Ironically, far more survived of those codices that were produced in the post-conquering period when indigenous scribes together with Spanish monks created new codices that combined Indian pictographs representing images, symbols, and syllables with Spanish language text.

“Codex Mexico” as an exhibition in collaboration with the Stanford University Libraries is further enriched with the inclusion of outstanding examples from the  Codex Foundation in Berkley, California and that of Codex Australia, all of which reflect, at the least, a mini-revival in the production of fine press and handmade books.

The exhibition opens with examples of powerful graphics and revolutionary writings. My favorite is one of the first objects on display — an oversize, two-leaf work of text and printed image encased in blood-red book covers of the type no doubt carried as meeting folders by members of the Council of the Indies. The work is entitled Esclavos (Slaves), with text on one side by the distinguished economist and political historian Antonio Garcia De Leon, author of Chiapas: Resistance and Utopia, and, facing Garcia’s text on the other side, a stylized and surreal cutaway depiction, frighteningly colored, of hundreds of slaves chained row after row in the hold of a ship while enduring the lethal middle passage — this as pictured in an etching by Oaxaca’s great graphic artist and draftsman Francisco Toledo.

Saúl Kaminer, Esclavos. For this work, Kaminer collaborated   with poet Esther Seligson, spending time in the studio  poring over images.

Saúl Kaminer, Esclavos. For this work, Kaminer collaborated with poet Esther Seligson, spending time in the studio poring over images.

A very different and poignantly elegiac work is The Lost Diary of Sacajawea, with text in the form of a poem by Debra Magpie Earling and photographic interventions  concocted by Peter Rutledge Koch, founder of the Codex Foundation. This work is bound in what appears to be a replica of the kind of stiff leather map case which could have been carried by Lewis and Clark on their overland expedition across the Louisiana Purchase to the Pacific Ocean. Beautifully printed, the opened page in the catalog illustration of this bravura work is from the poem and is titled “Building Mandam Camp.” It includes these first two stanzas:

“There is no fever / like the fever of white men building / the sound of trees falling / hissing / the sound of branches snapping, cracking, dying.

“Building / they are building their houses. / One day their buildings will devour the sky.”

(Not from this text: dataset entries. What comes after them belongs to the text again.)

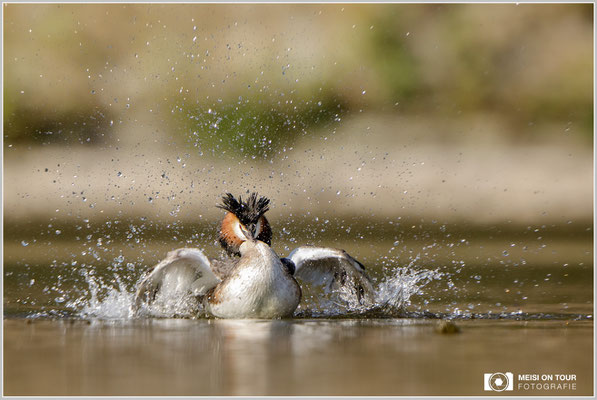 Haubentaucher  |  Canon EOS-5D Mark IV, EF 300 f/2,8 L IS II USM mit Telekonverter 2x (600 mm), ISO 800, 1/1600s, f/6,3, Reissack, Winkelsucher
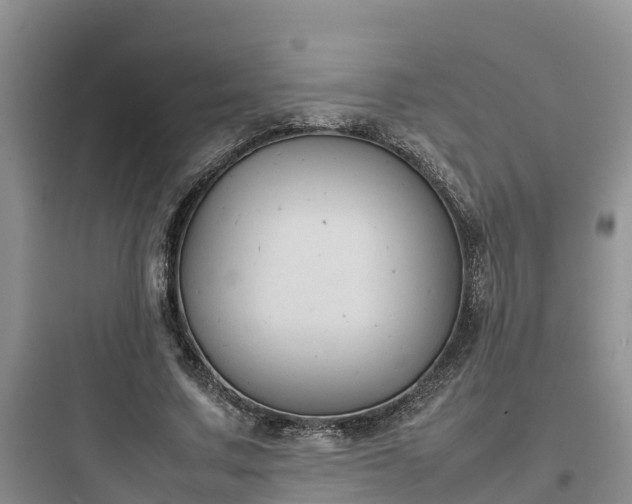 X0000097920683200803211528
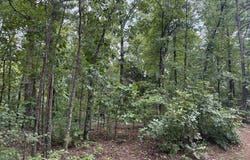 Mountain View, AR 72560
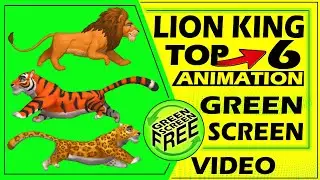 The lion King green screen HD video | tiger roaring green screen | green screen video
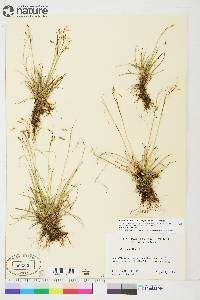 Carex capillaris image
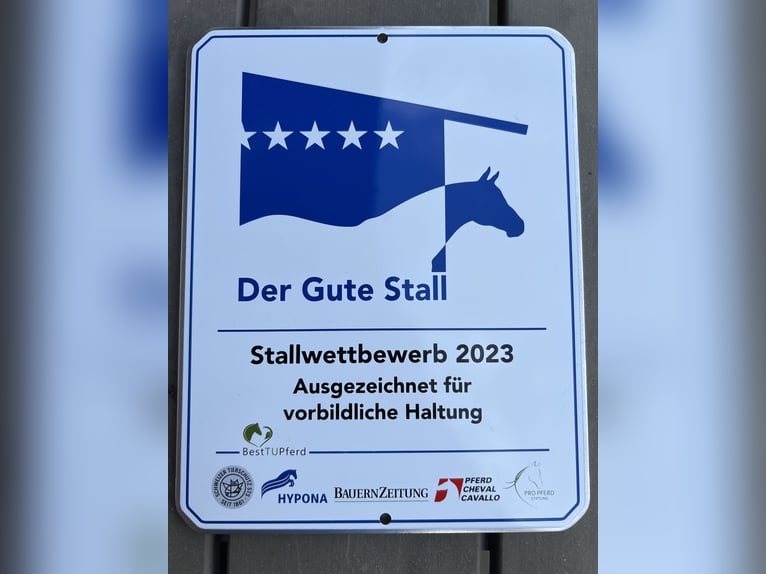 Auslaufboxen frei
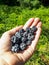 Handful of perfect and ripe European dewberries  with green background. Dewberries on palm of woman`s hand on sunny summer day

These exemplary examples of extraordinary, handmade fine press books filled the entirety of the Institute’s handsome first and fourth floor galleries. And, “Codex Mexico” was replete with examples as fine as these first two; it was also full of novel, accordion-style gatherings of leaves, astounding bindings and book boxes, glorious reproductions of paintings, photographs, and colored etchings. The prints and drawings illustrating all of these books were uniformly exquisite. “Codex Mexico” continued through June, 2013.